▸ What this task involves
The expected result is an exact copy of the lines from the one holding "Strapless Ivory A" to the last line of the material, with pictures removed and nothing added.

▸ Provided records

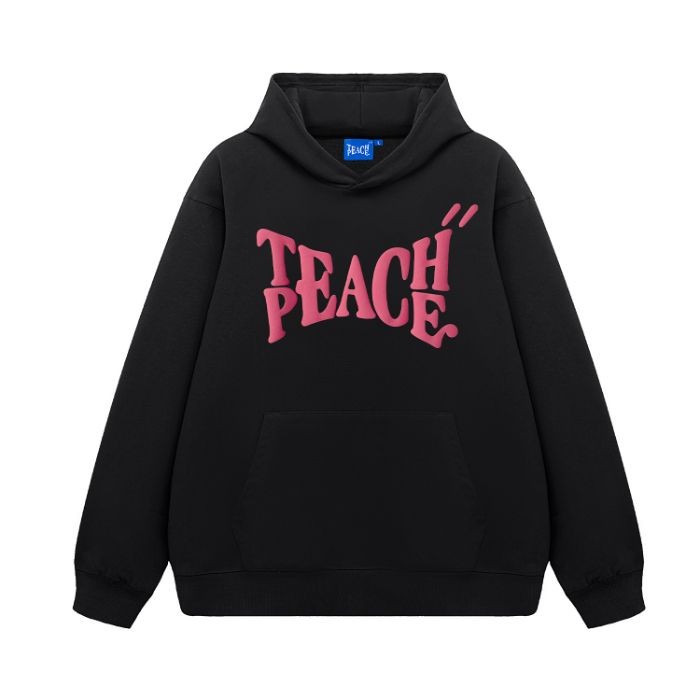 (Promo COD) Lutvia.Store Hoodie Sweater Basic Teach Peace Size M - 5XL Oversize Katun Fleece 240 Gsm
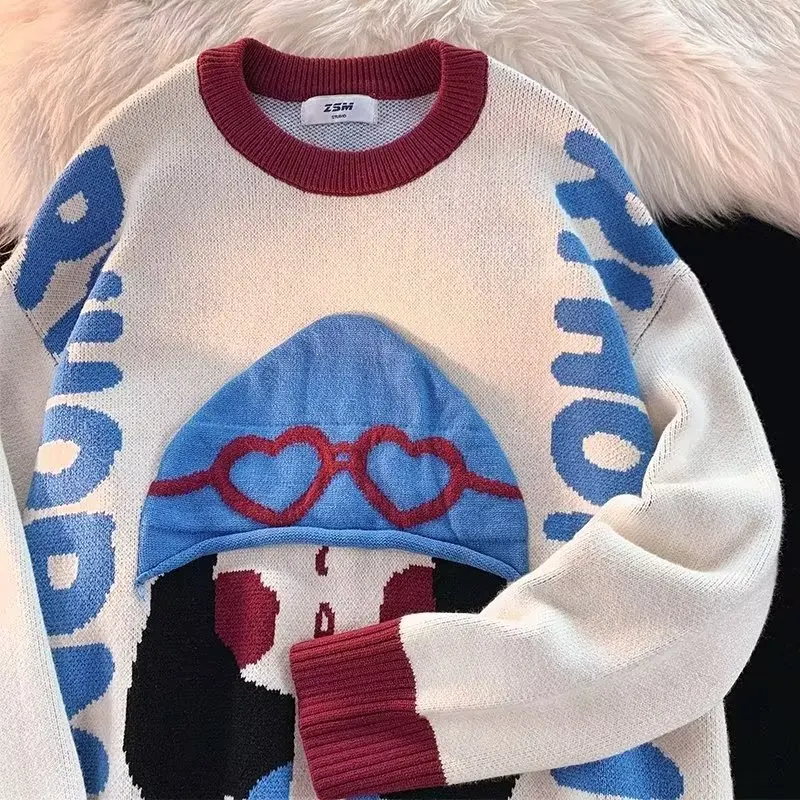 

High quality lovely characters knitwear Thickened sweater women Korean loose y2k Japanese Winter slouchy oversized sweaters coat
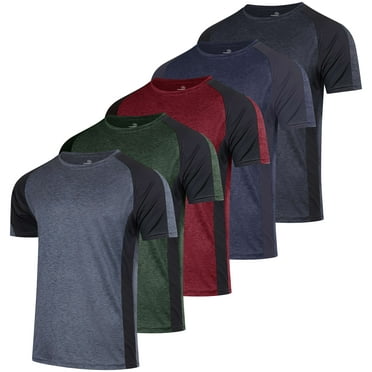 Real Essentials 5 Pack: Men’s Dry-Fit Moisture Wicking Active Athletic Performance Crew T-Shirt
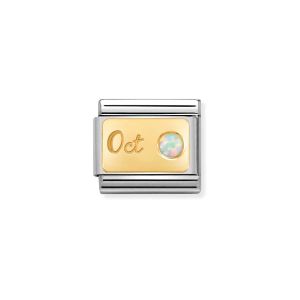 Nomination  Classic Birthstone Charm - Gold October White Opal 030519_10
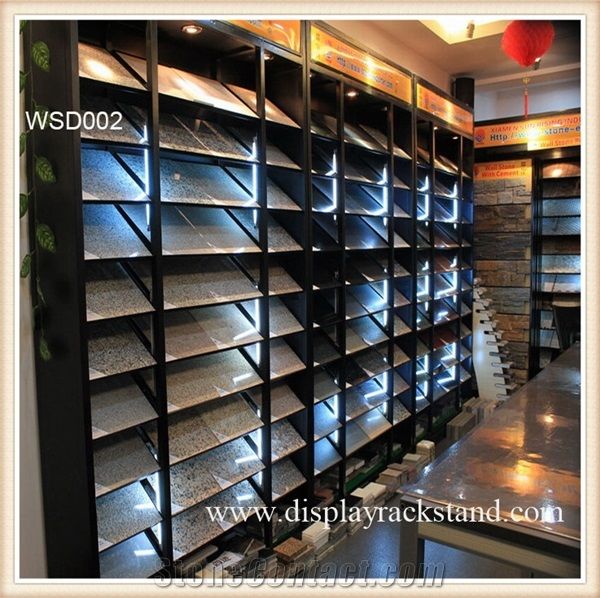 Waterfall Tile Display Racks Sandstone Metal Display Racks Stone Shelf Black-Galaxy-Granite Exhibition Quartz Display Stand Racks Slate Hanging Displays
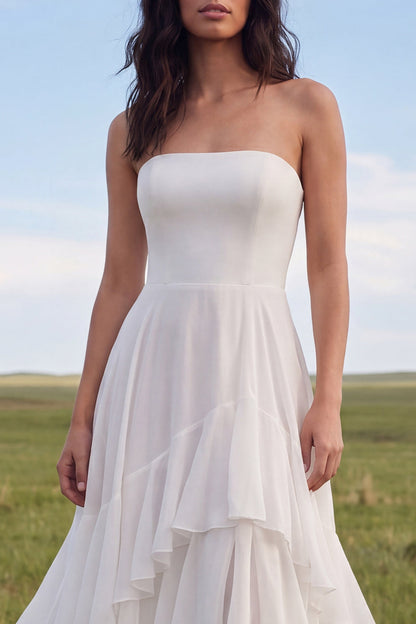 Strapless Ivory A Line Sweep Train Ruffled Beach Wedding Dress with Slit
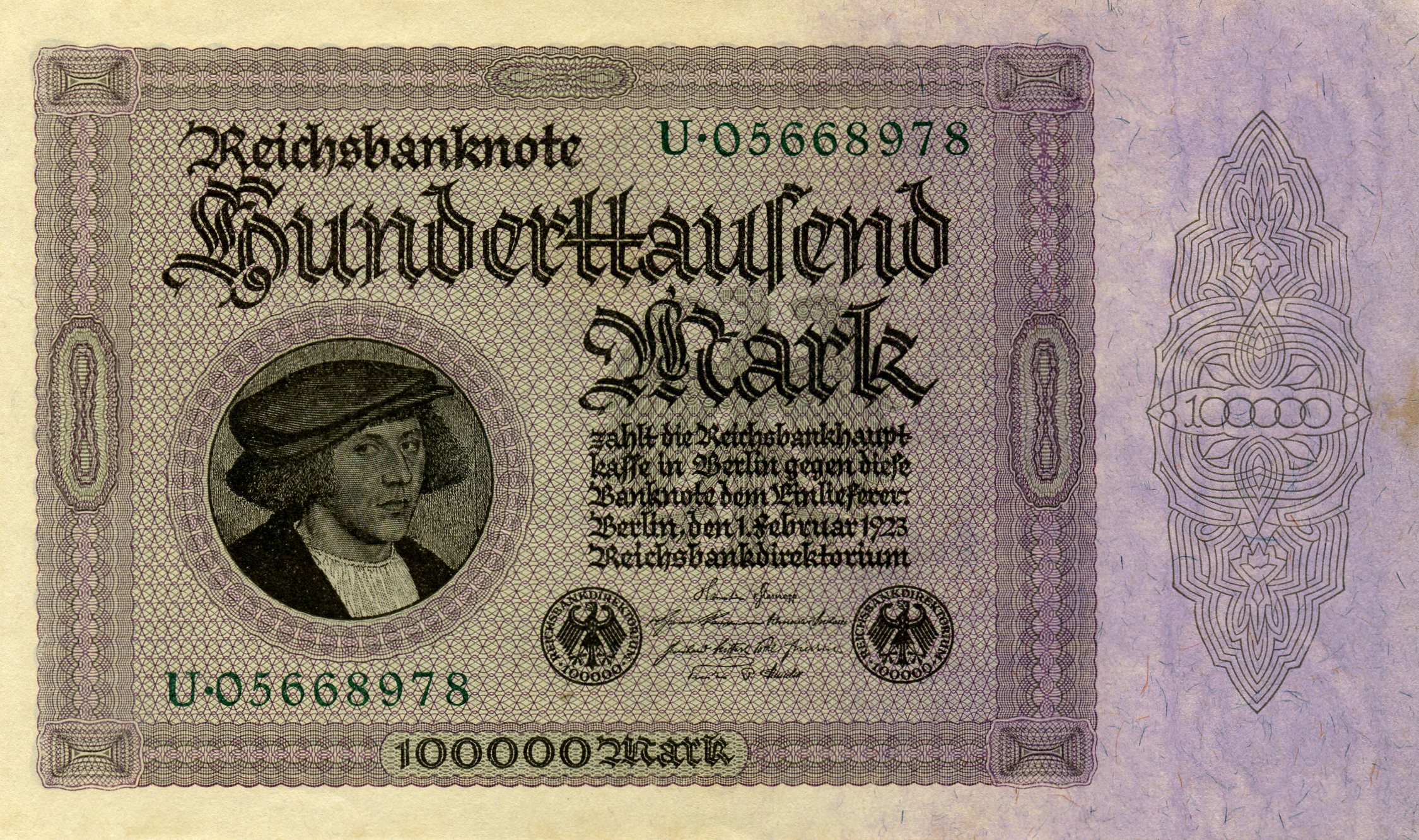 100000 марок 1 февраля 1923 года. Аверс. Реферат Рефератович.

▸ Exercise solution
 Strapless Ivory A Line Sweep Train Ruffled Beach Wedding Dress with Slit
 100000 марок 1 февраля 1923 года. Аверс. Реферат Рефератович.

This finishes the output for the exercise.